• [Work to complete]
With all pictures omitted, return verbatim the lines from the beginning of the records below through the line containing "Cajun Bowfishing Winch".

• [Supplied material]
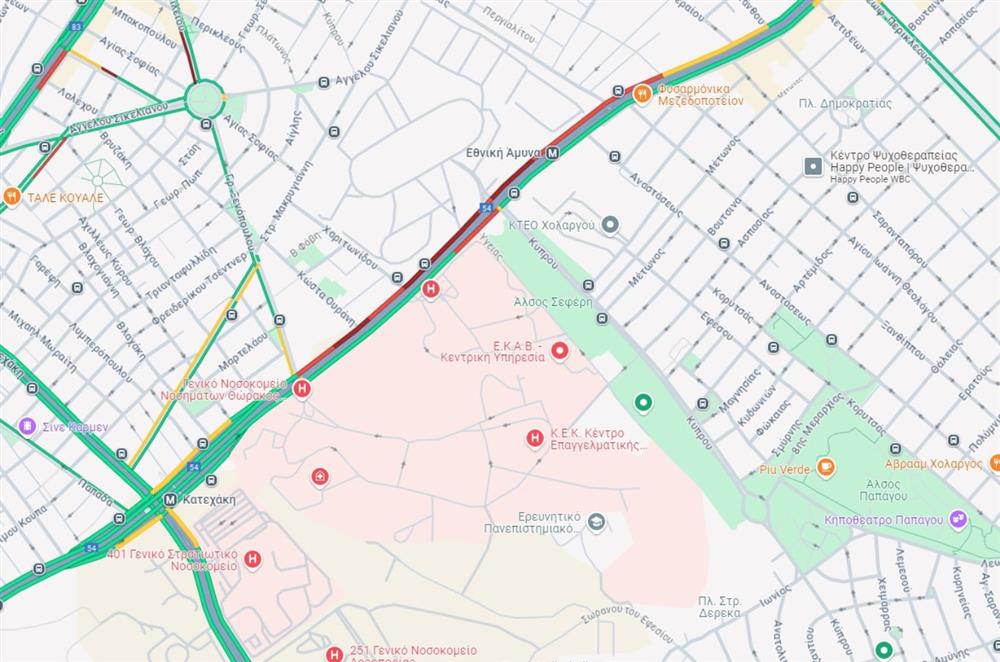 Μεσογείων - κίνηση - καραμπόλα Μεσογείων - κίνηση - καραμπόλα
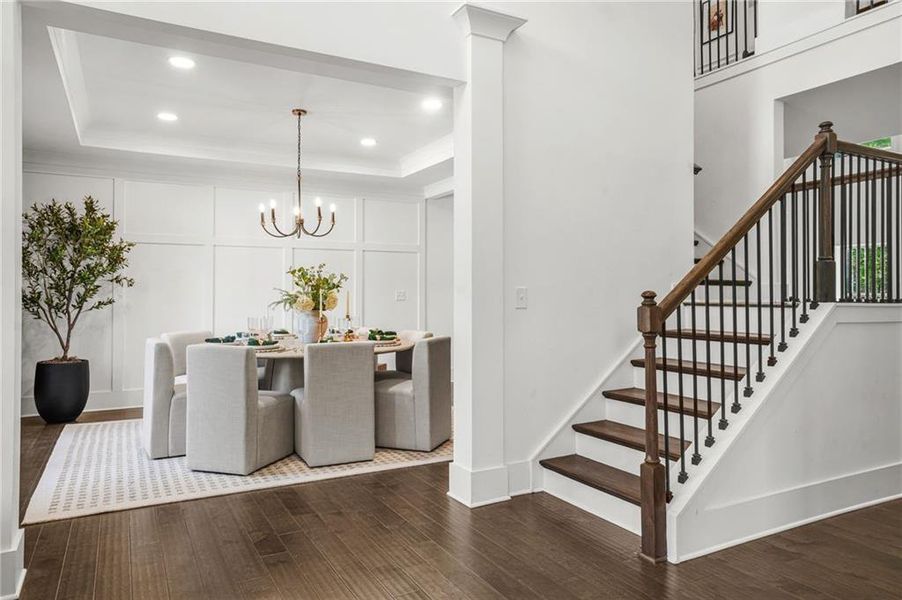 Furnished interior view inside a new home in , Fairburn (Image 19).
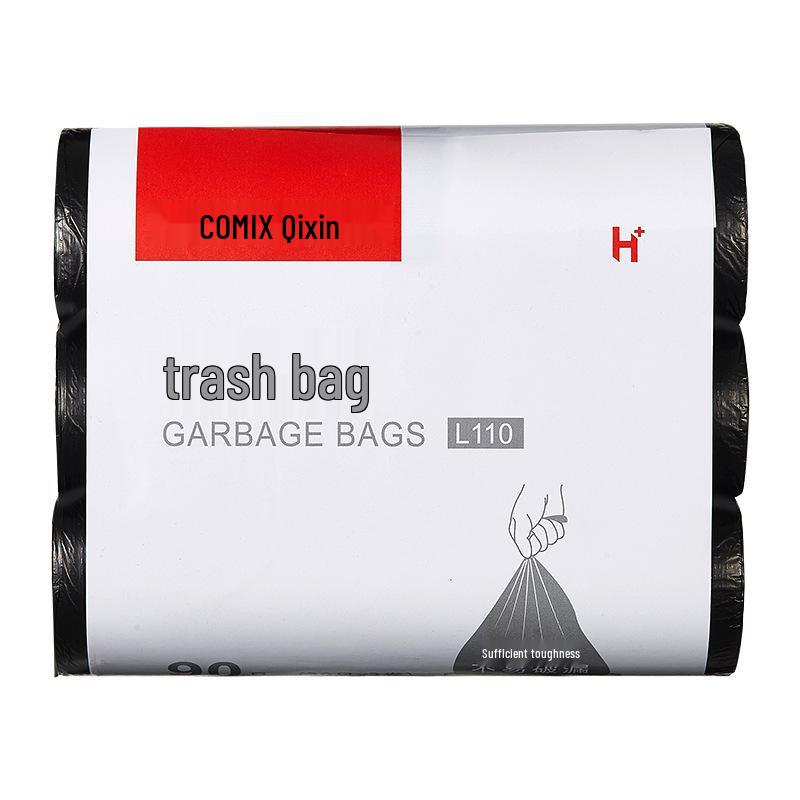 Qixin L110 Trash Bags, 45x50cm, 30 Bags per Roll, 3 Rolls per Pack 45*50cm, 30 pieces, 3 rolls чёрный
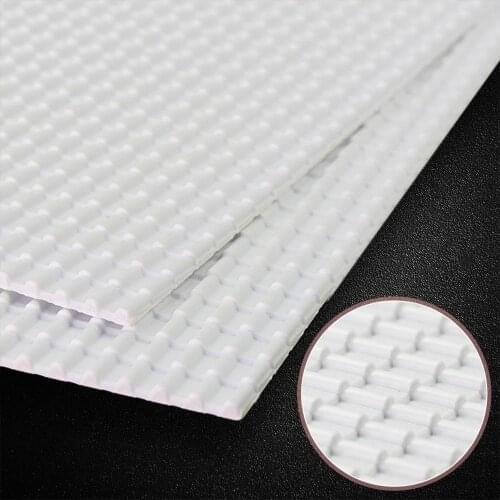 2pcs ABS Styrene 215mm x 300mm Plasticard Roof Tiles Sheet White Architectual Material ABS38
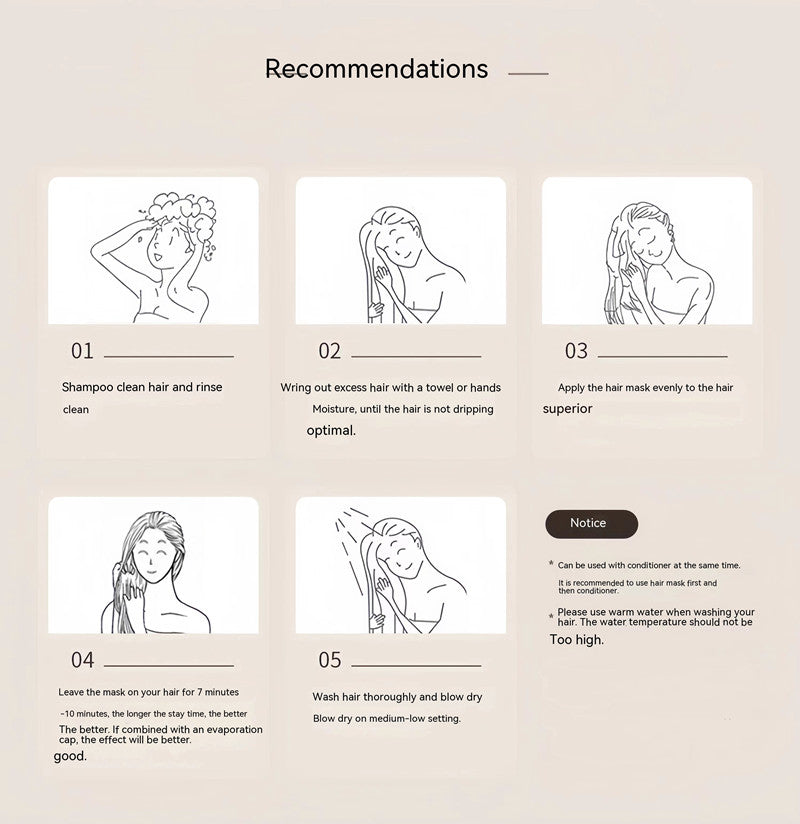 Répare la sécheresse et améliore l'agitation avec le masque capillaire à l'huile essentielle adoucissante à la crème d'huile de cuisson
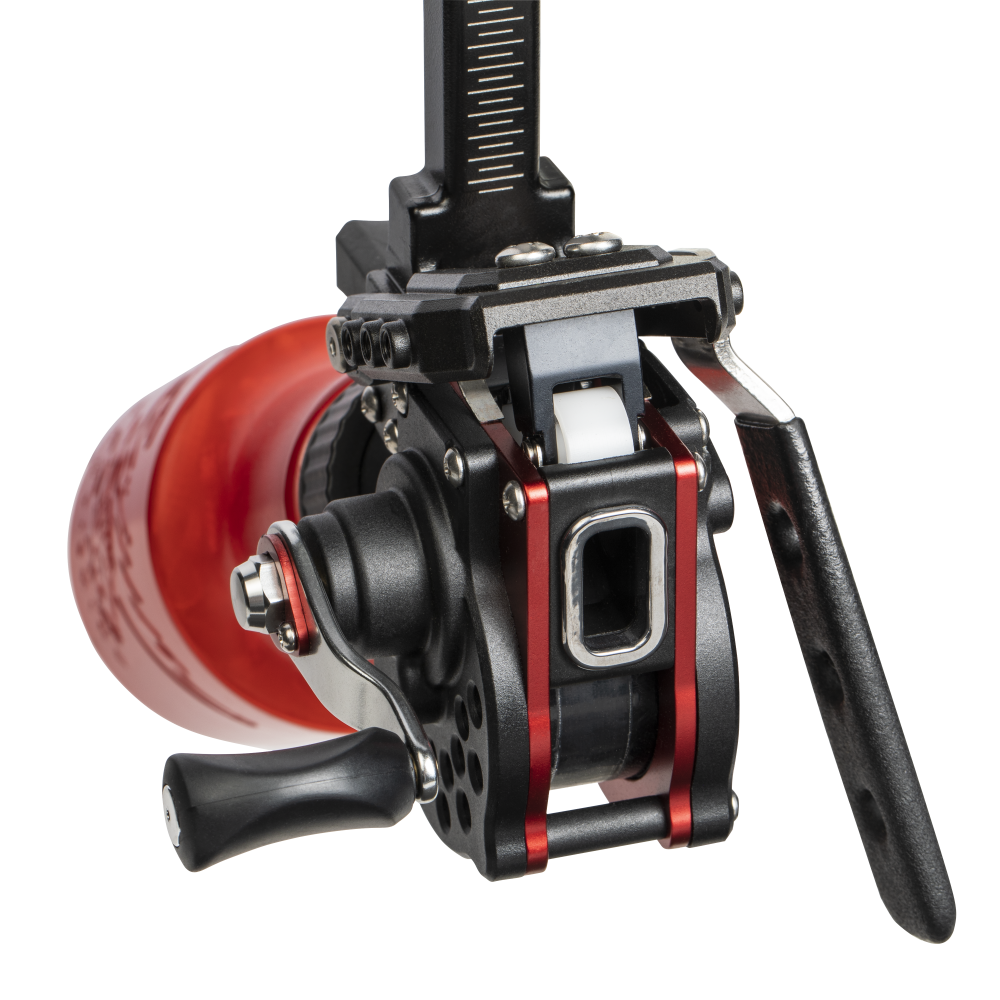 Cajun Bowfishing Winch Pro Bowfishing Reel - Red / Left Hand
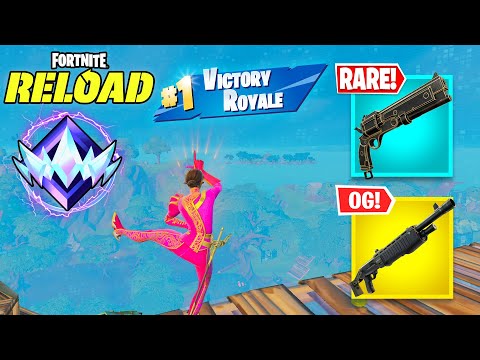 Fortnite Reload | High Kill Solo Ranked Win Full Gameplay (Keyboard & Mouse)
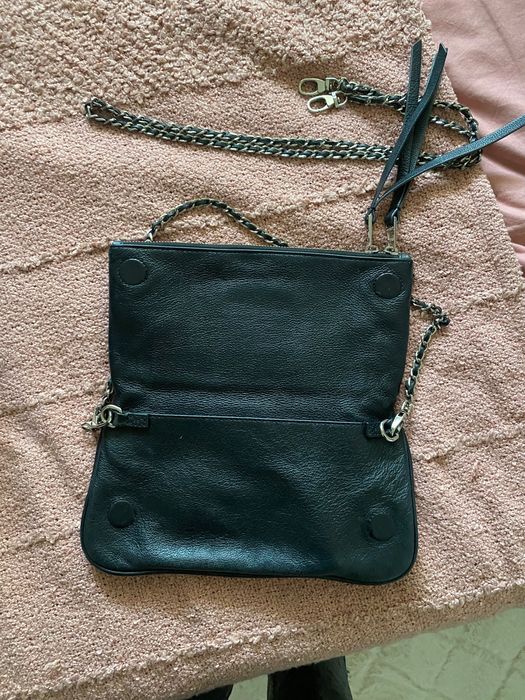 Mala zadig voltaire preta em pele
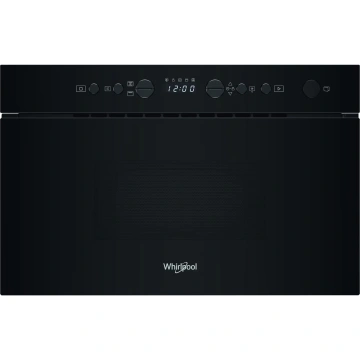 Мікрохвильова піч Whirlpool вбудована, 22л, електронне упр., 750Вт, гриль, дисплей, чорний (WMN14BB)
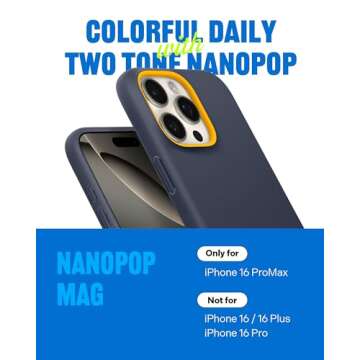 Caseology Nano Pop Mag for iPhone 16 Pro Max Case [Dual Layer Silicone Case Compatible with Magsafe]...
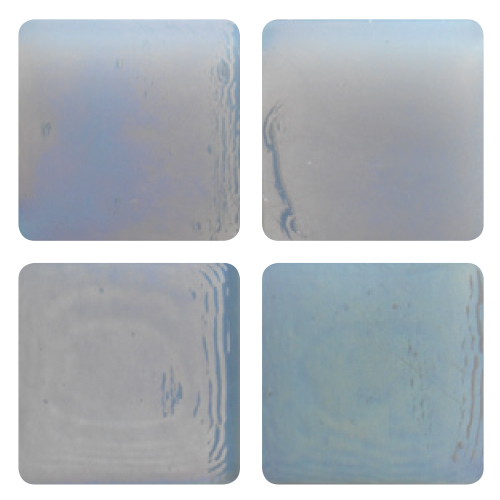 Mosaico in vetro Bianco Rosato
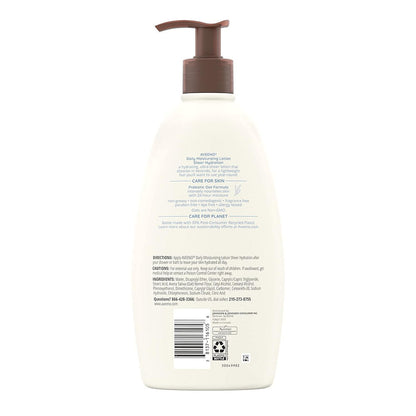 Aveeno Sheer Hydration Daily Moisturizing Fragrance-Free Lotion,18 Fl Oz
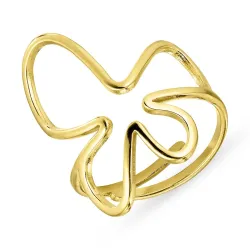 vedenkestävät säädettävissä sormus kullattu teräs - OCEANA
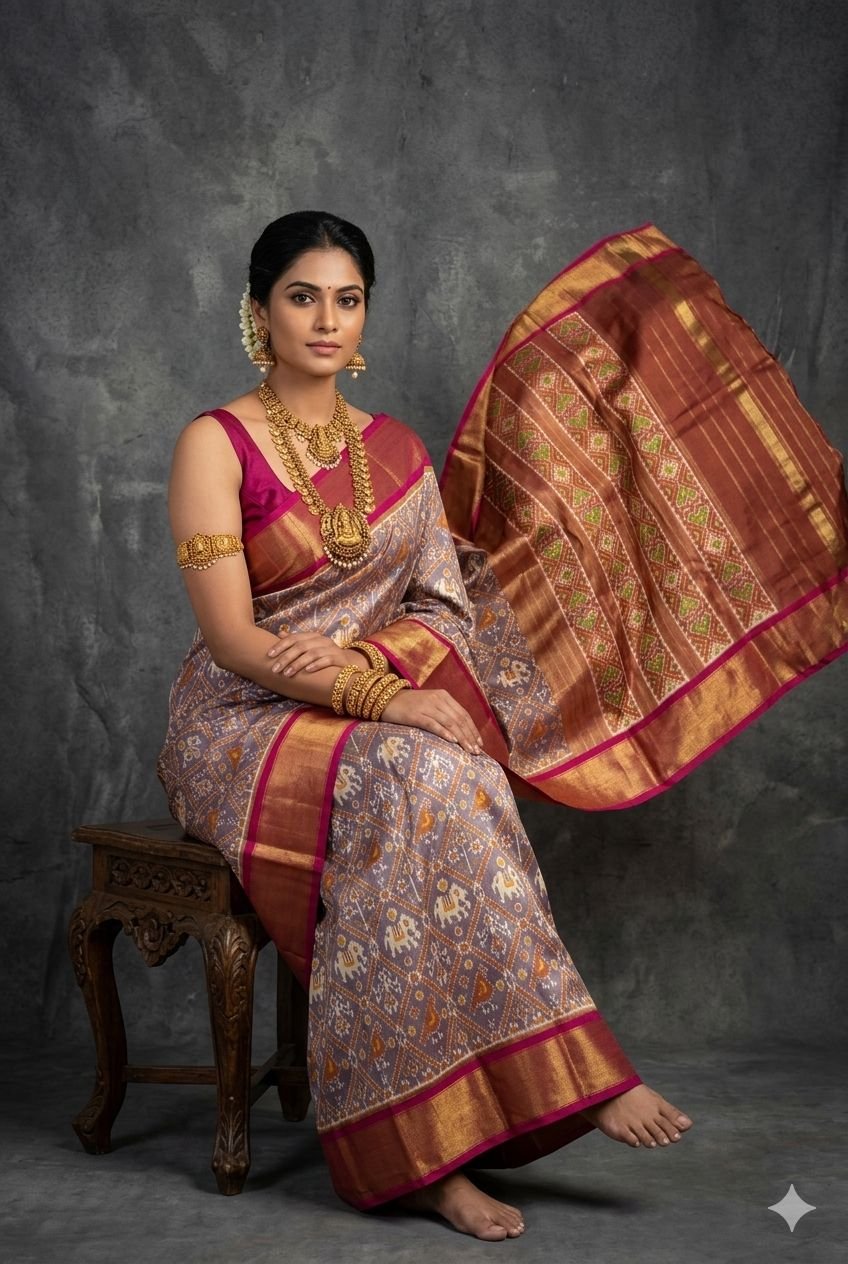 Full tissue designer saree - PUSNY08-FTHSIDSCD-05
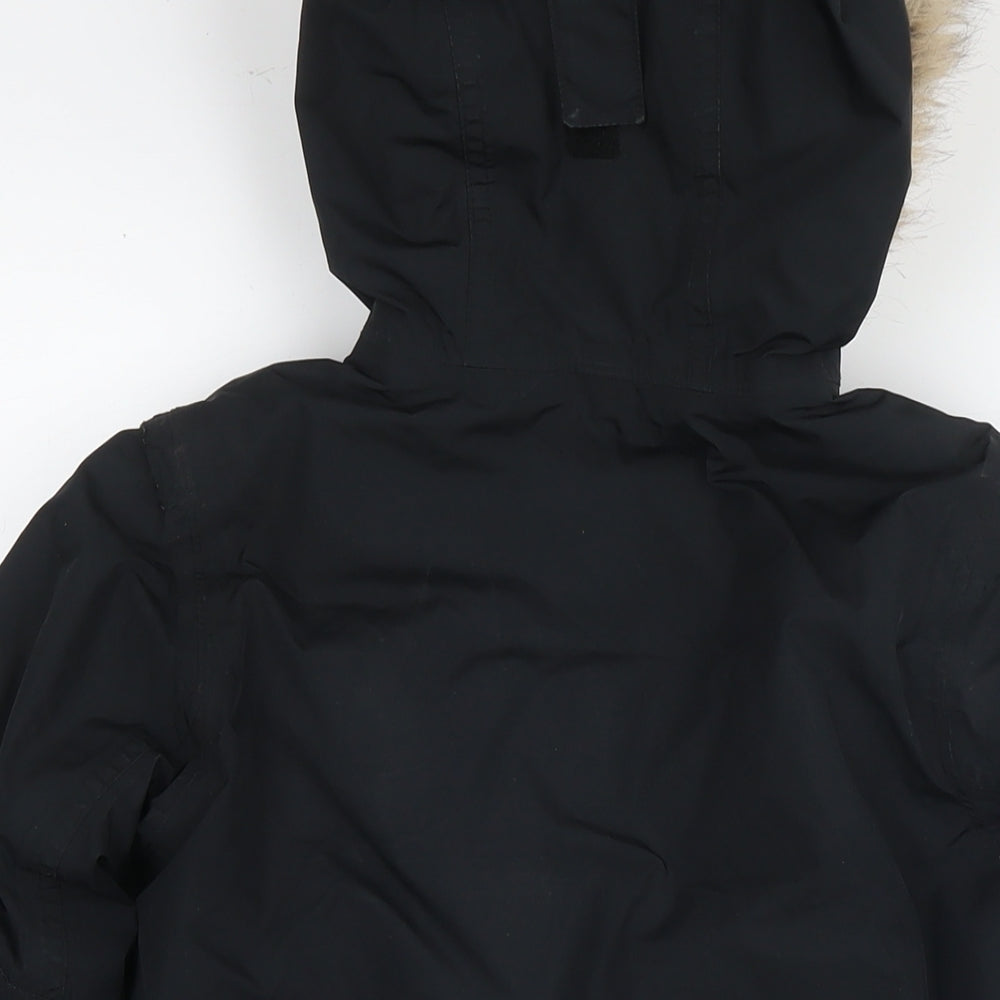 Lands' End Boys Black Jacket Size 8-9 Years Zip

• [Answer space]
 Μεσογείων - κίνηση - καραμπόλα Μεσογείων - κίνηση - καραμπόλα
 Furnished interior view inside a new home in , Fairburn (Image 19).
 Qixin L110 Trash Bags, 45x50cm, 30 Bags per Roll, 3 Rolls per Pack 45*50cm, 30 pieces, 3 rolls чёрный
 2pcs ABS Styrene 215mm x 300mm Plasticard Roof Tiles Sheet White Architectual Material ABS38
 Répare la sécheresse et améliore l'agitation avec le masque capillaire à l'huile essentielle adoucissante à la crème d'huile de cuisson
 Cajun Bowfishing Winch Pro Bowfishing Reel - Red / Left Hand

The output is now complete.